『エブリシング・エブリウェア・オール・アット・ワンス』を生み出した米国A24と、『パラサイト 半地下の家族』を配給した韓国CJ ENMが初の共同製作で贈る注目作、『パスト ライブス/再会』が4月5日(金)より公開される。本作は、ソウルで初恋に落ちた幼なじみのふたりが、24年後の36歳、NYで再会する7日間を描くラブストーリー。メガホンを取るのは、本作で長編映画監督デビューを飾ったセリーヌ・ソン。5部門にノミネートされたゴールデン・グローブ賞では、外国語映画賞や作品賞(ドラマ部門)のほか主演のグレタ・リーを女優部門(ドラマ)に押し上げただけでなく、監督賞と脚本賞にはセリーヌ・ソンの名前が踊った。『バービー』のグレタ・ガーウィグや『哀れなるものたち』のヨルゴス・ランティモス、『オッペンハイマー』のクリストファー・ノーラン、『キラーズ・オブ・ザ・フラワームーン』のマーティン・スコセッシなど、映画界を代表するような名匠たちの名前が呼ばれる中、彗星の如く現れたフレッシュな才能だ。
北米でのアジア系映画に注目が集まったのは2018年8月、シンガポールを舞台にしたシンデレラストーリー、『クレイジー・リッチ!』が公開初週ボックスオフィス1位を獲得、大ヒットを記録したことが大きな転機となる。主要キャストをアジア系俳優で固めたハリウッドメジャースタジオによるアメリカ映画としては、1993年の『ジョイ・ラック・クラブ』以来初であり、まごうことなきブロックバスターとなった。これ以降、賞レースでもアジア映画の存在が際立つようになる。2020年、世間の話題をさらい社会現象にもなったポン・ジュノ監督の『パラサイト 半地下の家族』がアカデミー賞4冠を達成し、2021年にはクロエ・ジャオ監督作『ノマドランド』が3冠、韓国の大物俳優ユン・ヨジョンが『ミナリ』で助演女優賞を受賞した。翌2022年は濱口竜介監督作『ドライブ・マイ・カー』が4部門ノミネート、見事外国語映画賞を手にし、日本映画では『おくりびと』以来の快挙となった。そして昨年、『エブリシング・エブリウェア・オール・アット・ワンス』でミシェル・ヨーがアジア人初のアカデミー賞主演女優賞に輝き、アジア映画が同賞での重要なポジションの一角を担うようになった。映画の本場であるハリウッドでアジア系映画の時代が到来した今、「次なる主役」として世界に放たれるのがこの『パスト ライブス/再会』だ。

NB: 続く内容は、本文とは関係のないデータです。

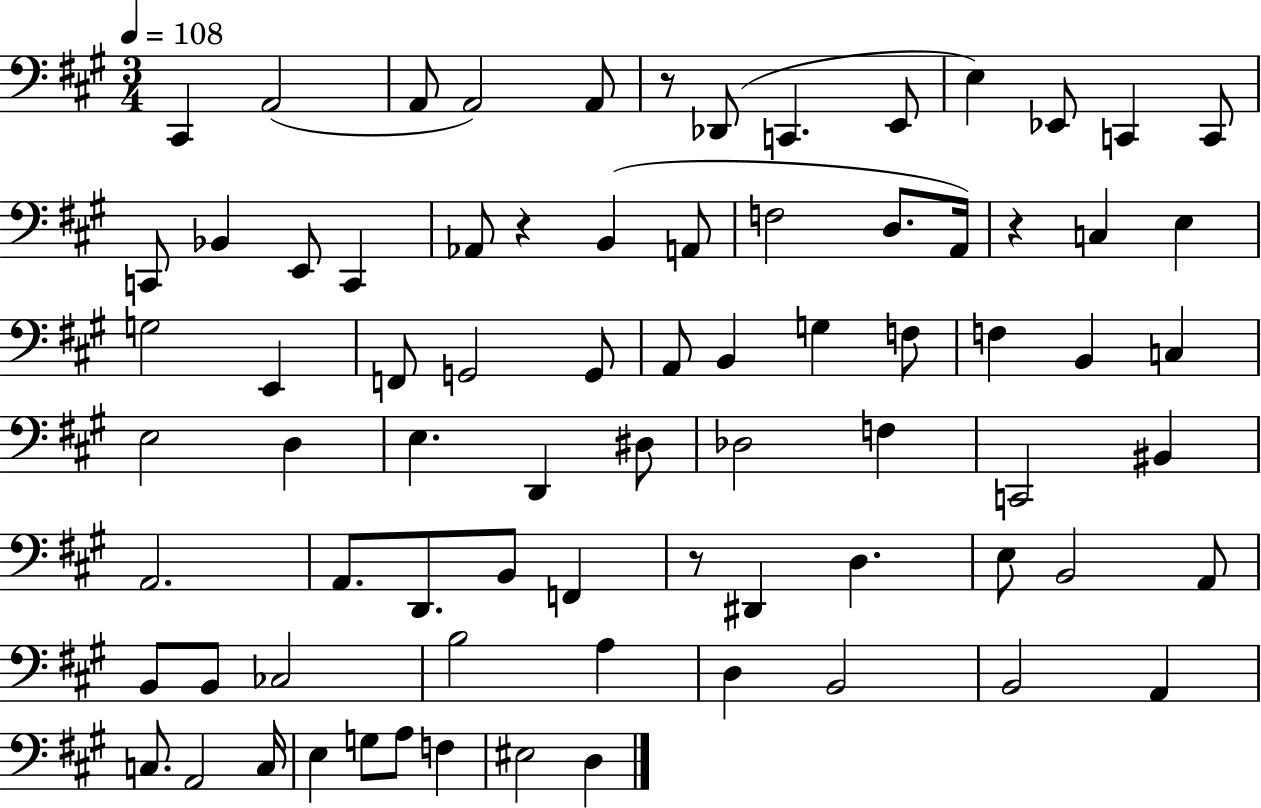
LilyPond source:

アジアにとどまらず、グローバルな思考を持ち、ボーダレスな活躍をしているキャスト・スタッフが勢揃いしている点も本作の魅力である。監督のセリーヌ・ソンは、自身の体験談を映画化している通り、12歳の頃に家族とカナダに渡り今はアメリカ人の夫を持つ身だが、彼女が自身の人生を担わせたグレタ・リーは、韓国から移住した両親を持ち、生まれも育ちもロサンゼルスという生い立ちがある。劇中で初恋の相手にニューヨークまで会いに来るヘソンを演じたユ・テオはドイツで生まれ育ち、高校卒業後ニューヨークとロンドンで演劇を学んだ。その後、渡韓しドラマや映画で活躍している逆輸入俳優だ。グレタ演じるノラの夫を演じたジョン・マガロは、役柄と同じく韓国系アメリカ人であるファッションデザイナーの妻を持ち、繊細な感情と表情でアーサーというキャラクターにリアリティを持たせた。このように、演じた役柄と自身の人生の距離感がとても近いキャスト陣。彼らだからこそ表現することができた瞬間で満たされていることも、この映画の持つ「新しさ」だ。

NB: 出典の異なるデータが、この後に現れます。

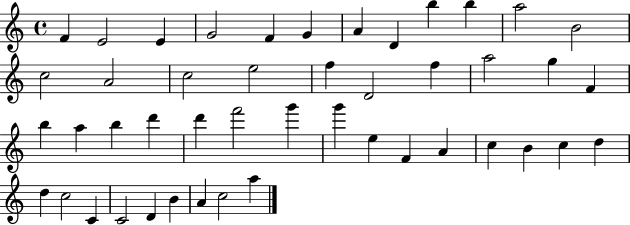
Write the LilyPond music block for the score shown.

{
  \clef treble
  \time 4/4
  \defaultTimeSignature
  \key c \major
  f'4 e'2 e'4 | g'2 f'4 g'4 | a'4 d'4 b''4 b''4 | a''2 b'2 | \break c''2 a'2 | c''2 e''2 | f''4 d'2 f''4 | a''2 g''4 f'4 | \break b''4 a''4 b''4 d'''4 | d'''4 f'''2 g'''4 | g'''4 e''4 f'4 a'4 | c''4 b'4 c''4 d''4 | \break d''4 c''2 c'4 | c'2 d'4 b'4 | a'4 c''2 a''4 | \bar "|."
}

映画のトレンドを作り出すハリウッド、そして映画賞の大本命とも言える米国アカデミー賞。巨匠・大作と肩を並べ作品賞・脚本賞にノミネートをされている本作は、世界を見据えて活躍してきたキャスト・スタッフによって美しい物語へと昇華された。『パストライブス/再会』が“世界の映画の最前線”となり、トレンドに新たな息吹を吹き込む日も近い。